About a decade ago a rep from Videojet straight up lied to us about their 30W CO2 marking laser having a hardware interlock. We found out when - in true Therac-25 fashion - the laser kept triggering despite the external e-stop being active due to a bug in their HMI touch panel. No one noticed until it eventually burned through the lens cap. In reality the interlock was a separate kit, and they left it out to reduce the cost for their bid to the customer. That whole incident really soured my opinion of them and reminded me of just how bad software "safety" can get.

replies(2): >>45044753 #>>45120124 #
5. WalterBright ◴[] No.45044729[source]
> And PHB's all know that picking up nickles in front of the steamroller is how you get to the C-suite.

Blaming it on PHB's is a mistake. There were no engineering classes in my degree program about failsafe design. I've known too many engineers who were insulted by my insinuations that their design had unacceptable failure modes. They thought they could write software that couldn't possibly fail. They'd also tell me that they could safely recover and continue executing a crashed program.

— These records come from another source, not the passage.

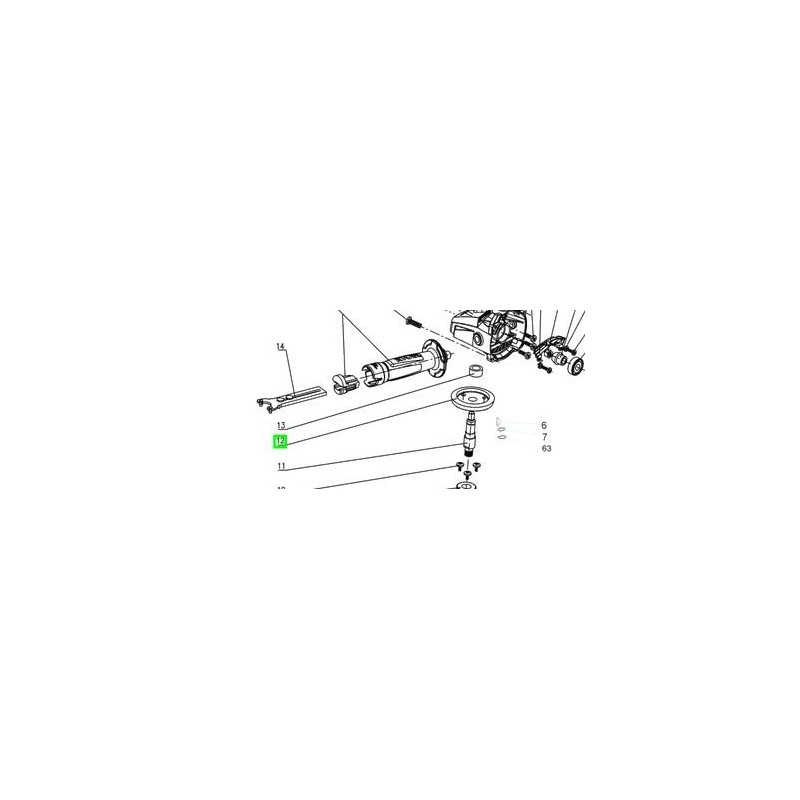 Pignon de renvoi angle 5131033214 meuleuse RYOBI EAG2000RS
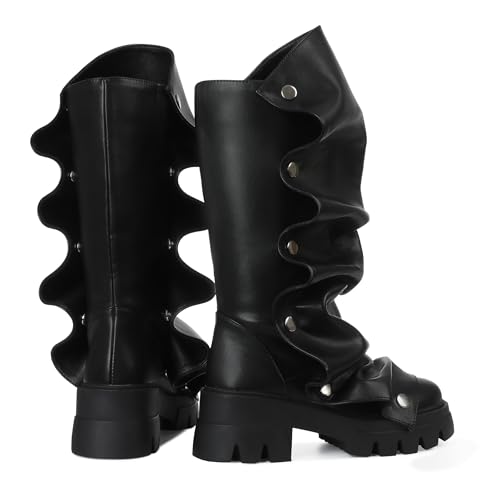 VOMIRA Slouchy Boots for Women Fold Over Boots2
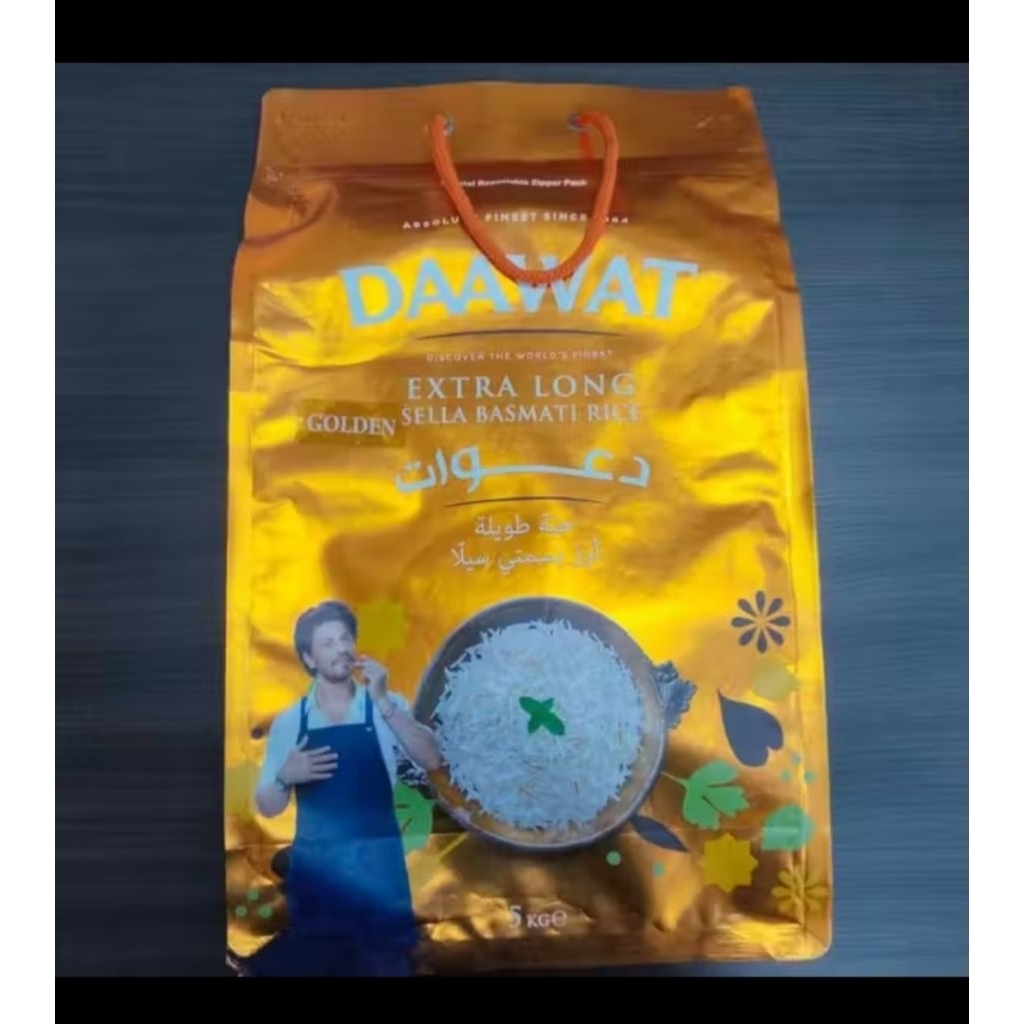 Beras Basmati Daawat India 5KG Beras mati terbaik Golden Sella Rice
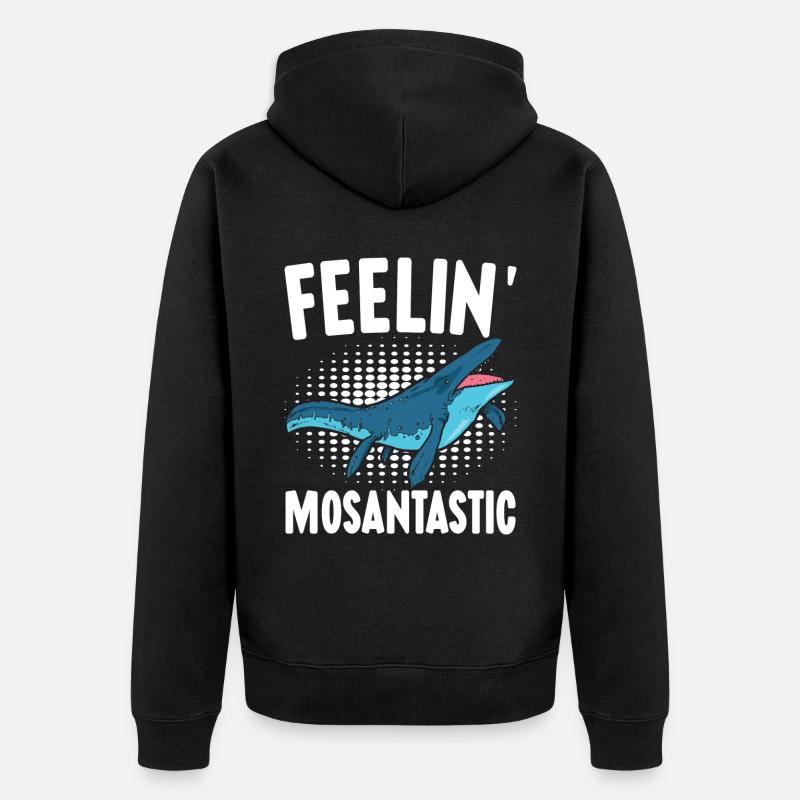 Dinosaure mosasaure - Veste à capuche bio Premium Unisexe - noir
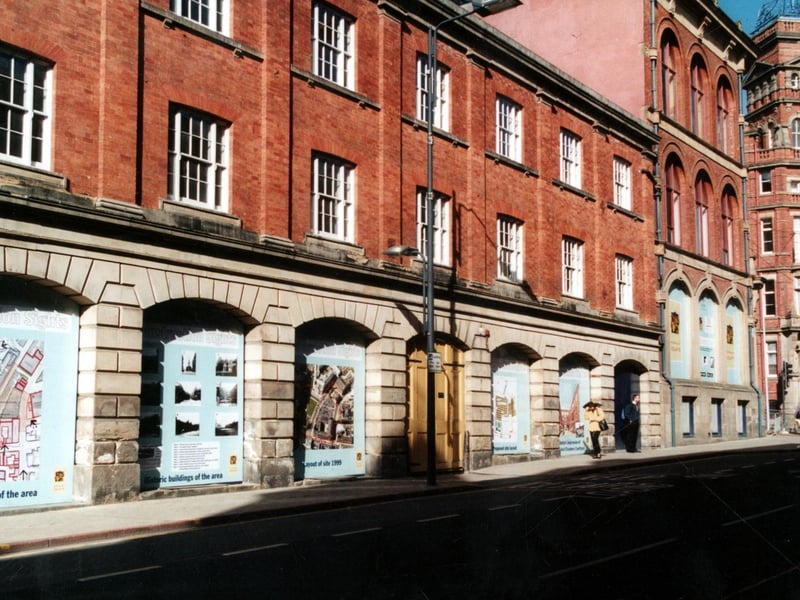 Looking across Great George Street from the old Leeds Schools and Education board buildings. The main building seen here is Stansfield Chambers.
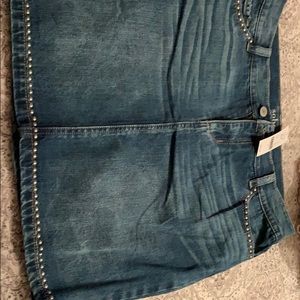 New York and company studded denim skirt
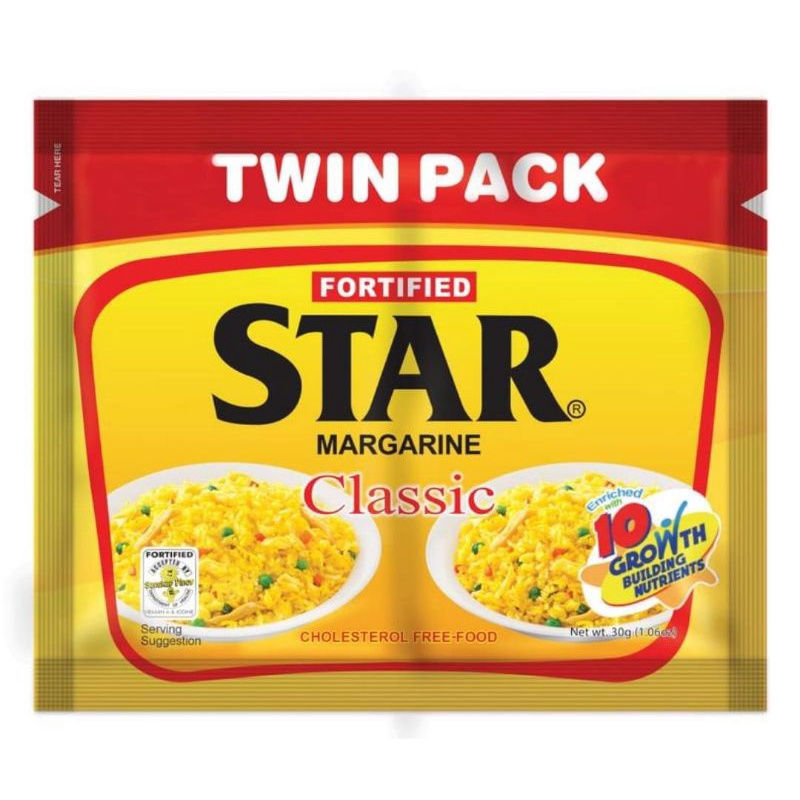Sale‼️ Star Margarine Twin Pack 30 grams 1 dozen Shopee Philippines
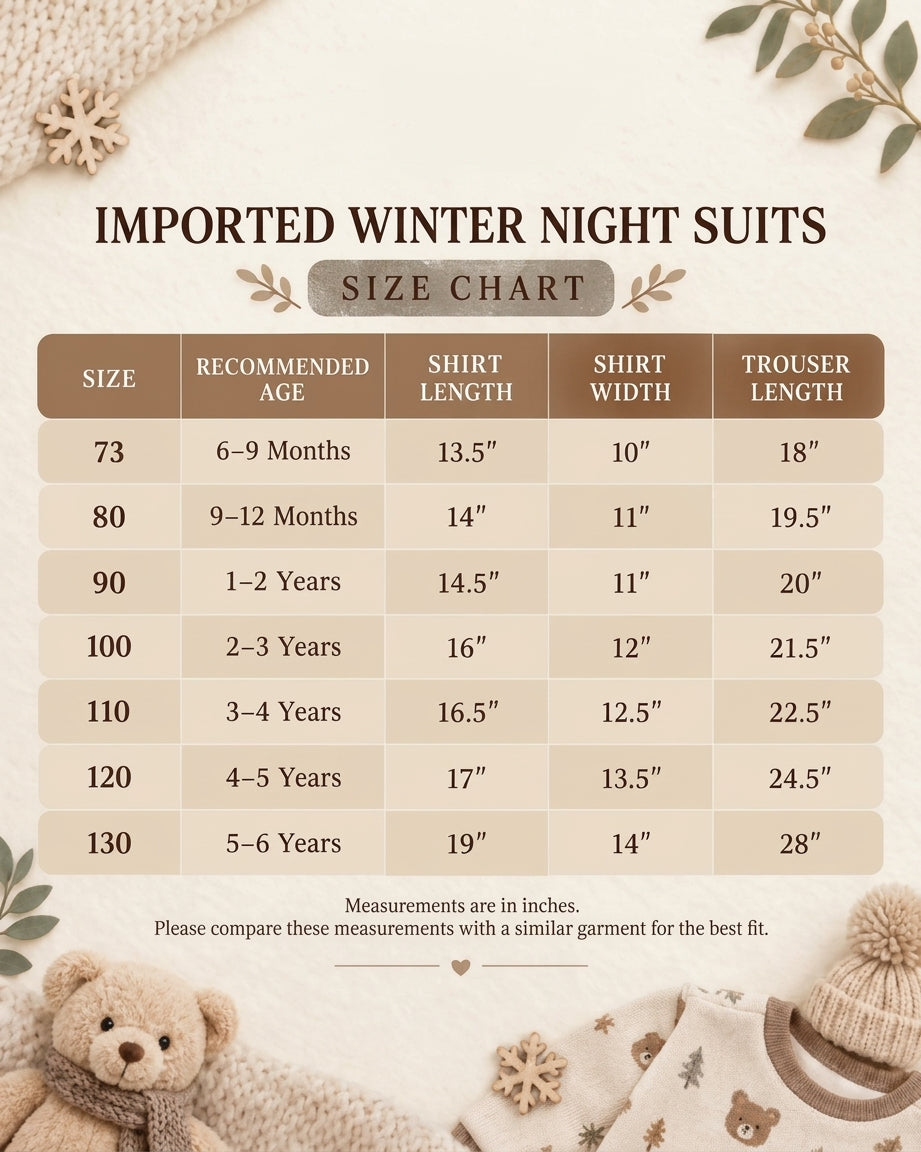 Winter Night Suit - Cars Sky Blue - D4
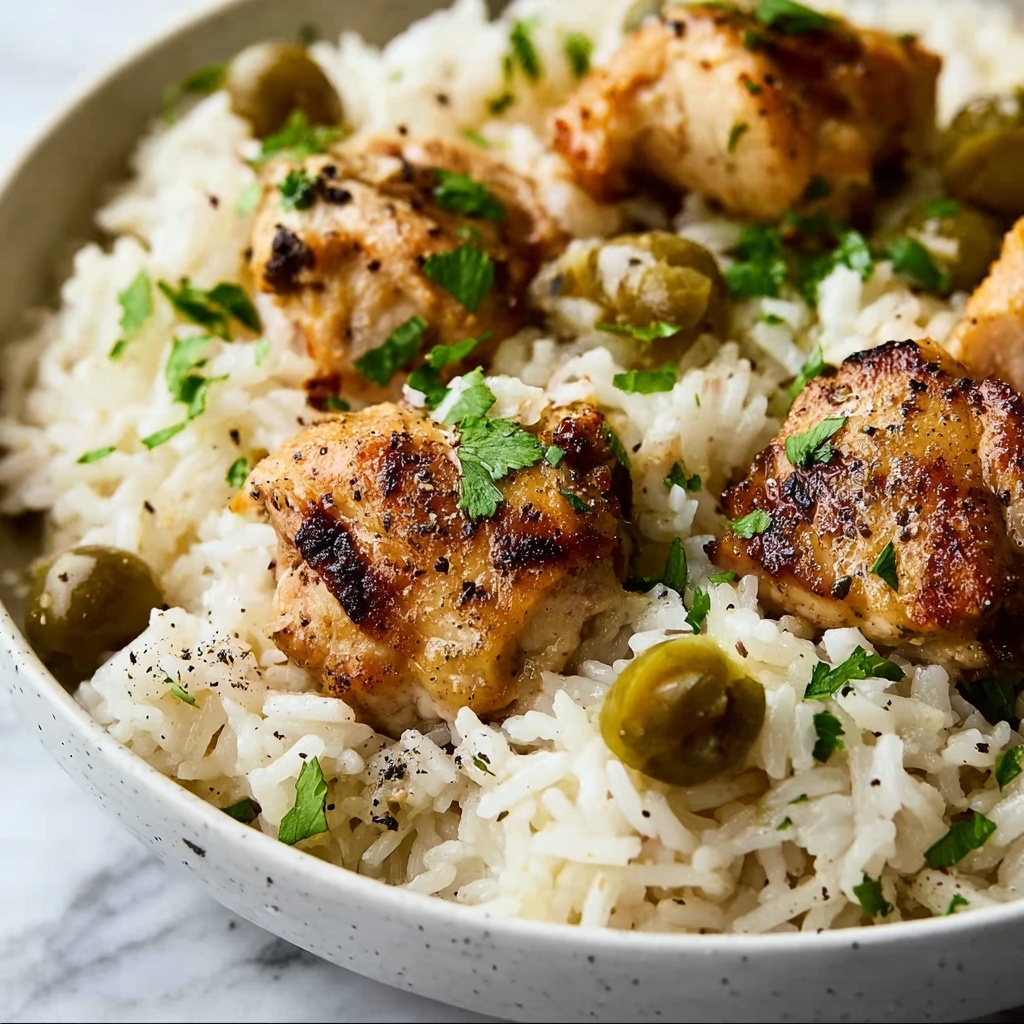 Instant Pot Greek Chicken and Rice Recipe - Recipe Image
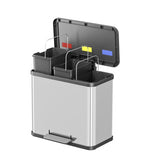 Hailo öko trio plus pedaalemmer 3x9l rvs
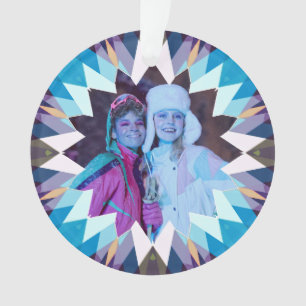 Étoile de Noël personnalisée bleue violette Photo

This is why I never, ever trust software switches to disable a microphone, software switches that disable disk writes, etc. The world is full of software bugs that enable overriding of their soft protections.

BTW, this is why airliners, despite their advanced computerized cockpit, still have an old fashioned turn-and-bank indicator that is independent of all that software.

replies(1): >>45047734 #
6. bombcar ◴[] No.45047734{3}[source]
Failsafe design is actually really fun when you start looking at all the scenarios and such.

But one key component is that IF a failsafe is triggered, it needs to be investigated as if it killed someone; because it should NEVER have triggered.

Without that part of the cycle, eventually the failsafe is removed or bypassed or otherwise ineffective, and the next incident will get you.

replies(1): >>45050906 #
7. WalterBright ◴[] No.45050906{4}[source]
Most airplane crashes are due to multiple failures. The accidents are investigated, and each failure is addressed and fixed.

The result is incredible safety.

replies(1): >>45053876 #
8. bombcar ◴[] No.45053876{5}[source]
People know about that; what they forget about is that any failure is noted and repaired (or deemed serviceable until repair).

Airplane reliability is from lots of failure analysis and work but also comprehensive maintenance plans and procedures.

9. I_dream_of_Geni ◴[] No.45120124{3}[source]
To be fair, reps don't really know anything deep about their product. They just parrot what they are told (or they wing it, which, i guess, can be lying). They are pushed to sell, and they will say anything to sell.